Я бы даже с полемическим перехлестом сказал, что Пастернаку не столь важен Христос, как Магдалина. Распинаема на кресте – женщина. «Их потом на кровельном железе так же распинают чердаки» – и десятки подобных строк у Пастернака – что позднего, что раннего: всякого. У Пастернака – Христос у ног Магдалины. Чувство вины перед женщиной, благодарность за ее природные щедроты, которые не окупить ничем, кроме воздаяния полной мерой всемирного ее освобождения, возведения на небесную высоту, – вот в каких тонах и красках видит Пастернак революцию в «Докторе Живаго», да и во всех своих сочинениях. И пастернаковскому Христу неведом тот «Иисусов грех», о котором писал Бабель: посчитайте, сколько детей народил в романе доктор Живаго.

И в заключение об одной вдруг вспомнившейся параллели. Я сто раз писал о Герцене, но не разу не поставил в связь с Пастернаком один его странный по всем меркам мотив. Это его социализм, который он видел в двуединой задаче: раскрепощение плоти и освобождение женщины. Это у Герцена от сен-симонистов, следов влияния которых никак уж не найти у Пастернака. Остается предположить тут совпадение образа России на психологической глубине этих двух замечательных авторов. И сегодня задача та же самая; но снова и снова повторяется сюжет пастернаковской «Сказки».

Конь и труп дракона —Рядом на песке.В обмороке конный,Дева в столбняке.Но сердца их бьются.То она, то онСилятся проснутьсяИ впадают в сон.Сомкнутые веки.Выси. Облака.Воды. Броды. Реки.Годы и века.

Одна из всех, за всех, противу всех: Цветаева

И. Т.: Наши беседы, Борис Михайлович, при желании можно упрекнуть в мужском шовинизме, в «гендерном гэпе», как, я встречал, говорят нынче по-английски. За все время наших с вами передач героиней была одна только женщина, Ахматова, да и то не сама по себе, а в паре с ее антагонистом Маяковским.

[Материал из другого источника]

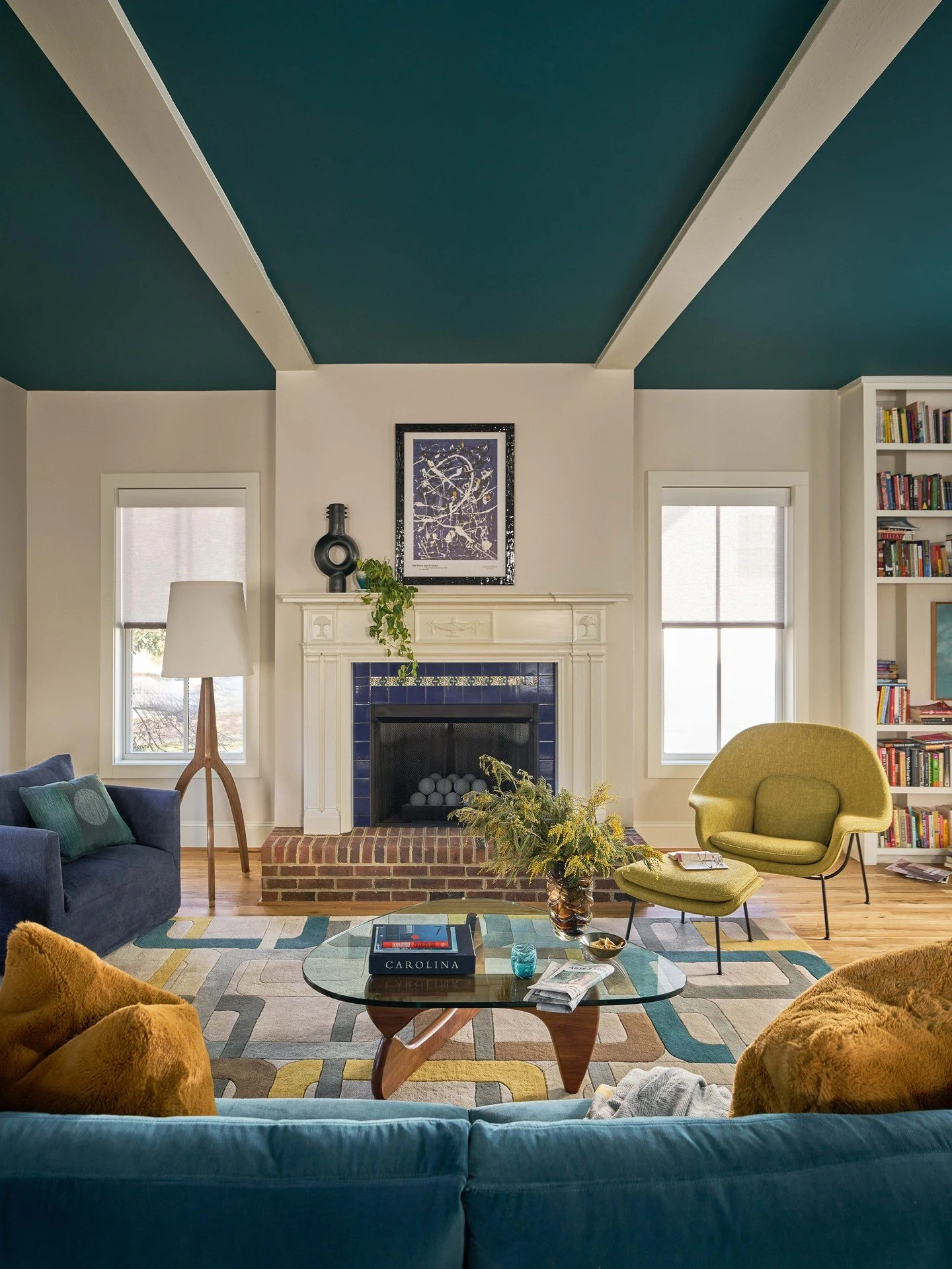 ALLL the joyful vibes here ✨️ Shape, pattern, texture. Mid-century soul, but with vibrance.  Books tucked-in everywhere.  And, the magic of a rich teal ceiling 🔥 😍⁠
⁠
One of our goals with this house was to take this new build (call it a blank slat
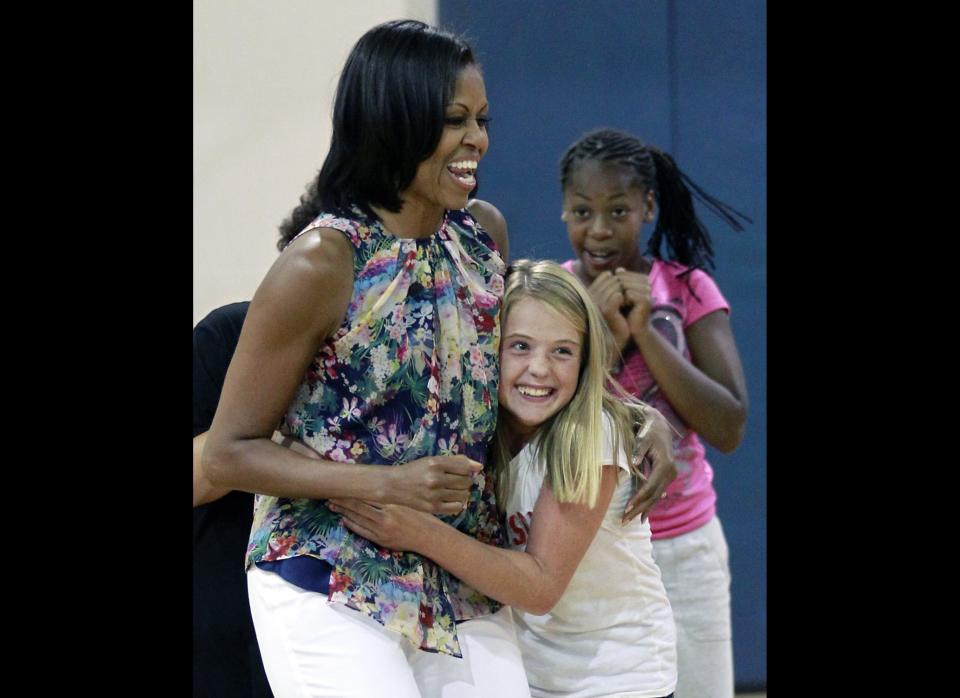 First lady Michelle Obama, left, gets a hug from Savannah Southerland during a children's fitness class on a suprise visit to the Blanchard Park YMCA, Tuesday, July 10, 2012, in Orlando, Fla.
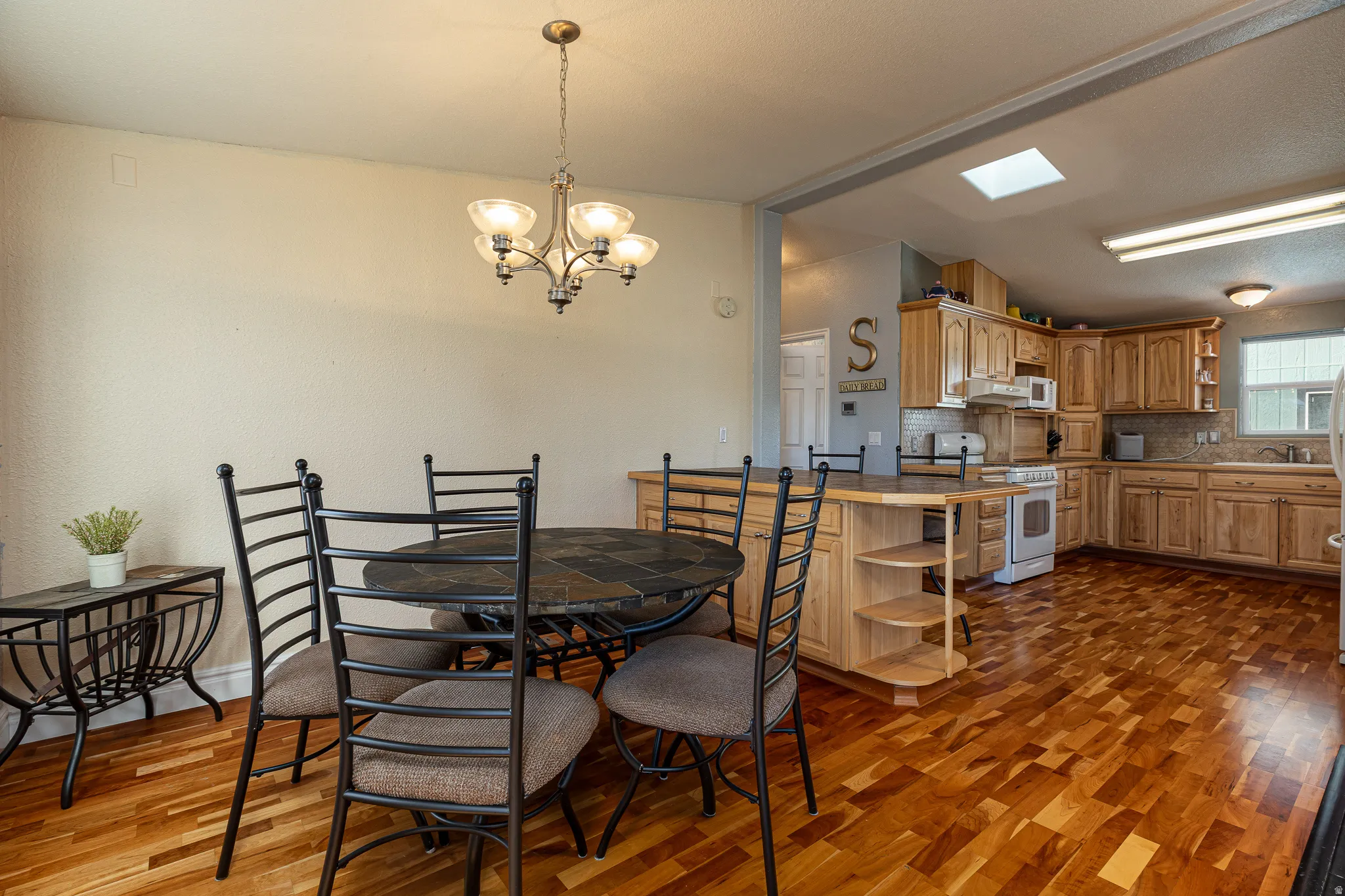 Dining area with vaulted ceiling
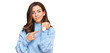 © Krakenimages.com - Young brunette woman wearing casual winter sweater in hurry pointing to watch time, impatience, looking at the camera with relaxed expression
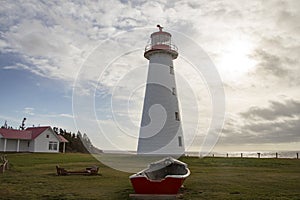 Point Prim Lighthouse, PEI and old wooden rowboat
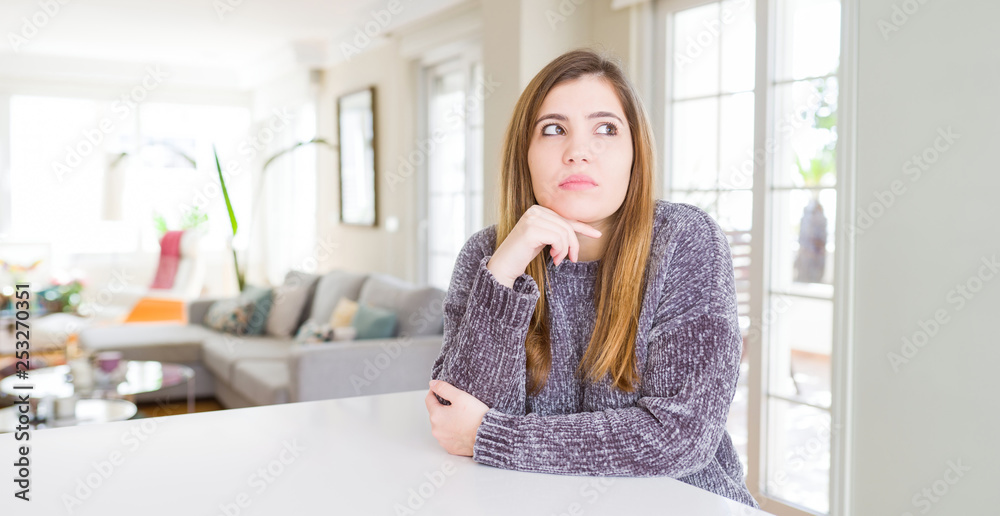 Beautiful young woman at home with hand on chin thinking about question, pensive expression. Smiling with thoughtful face. Doubt concept. Beautiful young woman at home with hand on chin thinking about question, pensive expression. Smiling with thoughtful face. Doubt concept.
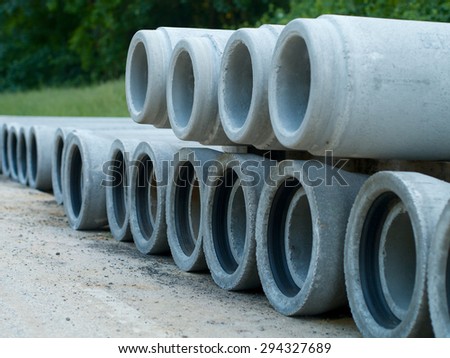 concret pipe stacked sewage water system aligned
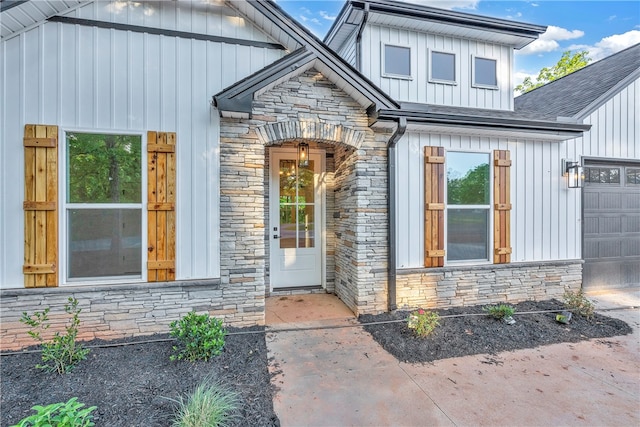 doorway to property featuring a garage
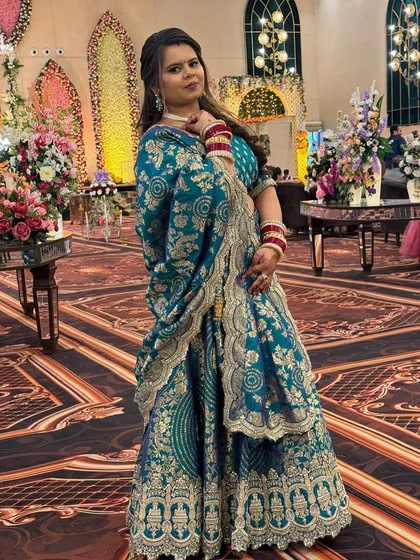A full-length view of the teal brocade lehenga. The heavy gold work on the border and dupatta gives it a luxurious feel, making it a great rental for a special occasion.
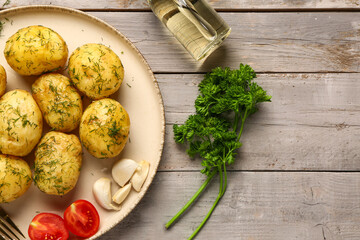 Plate of boiled baby potatoes with dill and tomatoes on grey wooden background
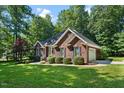 Attractive red brick home boasts a verdant lawn, tidy landscaping, and an attached two-car garage at 745 Oaks Lane Rd, Timberlake, NC 27583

Б. П.: Сразу же два замечания, Иван Никитич. С одной стороны, не так и много в русской литературе женских имен, сопоставимых с несомненными классиками мужеского пола. Говорю именно о классиках, – современной литературы, где густо пошла женщина, не касаюсь. Но кто, скажем, вам приходит в голову из заметных женщин русской литературы, поэзии?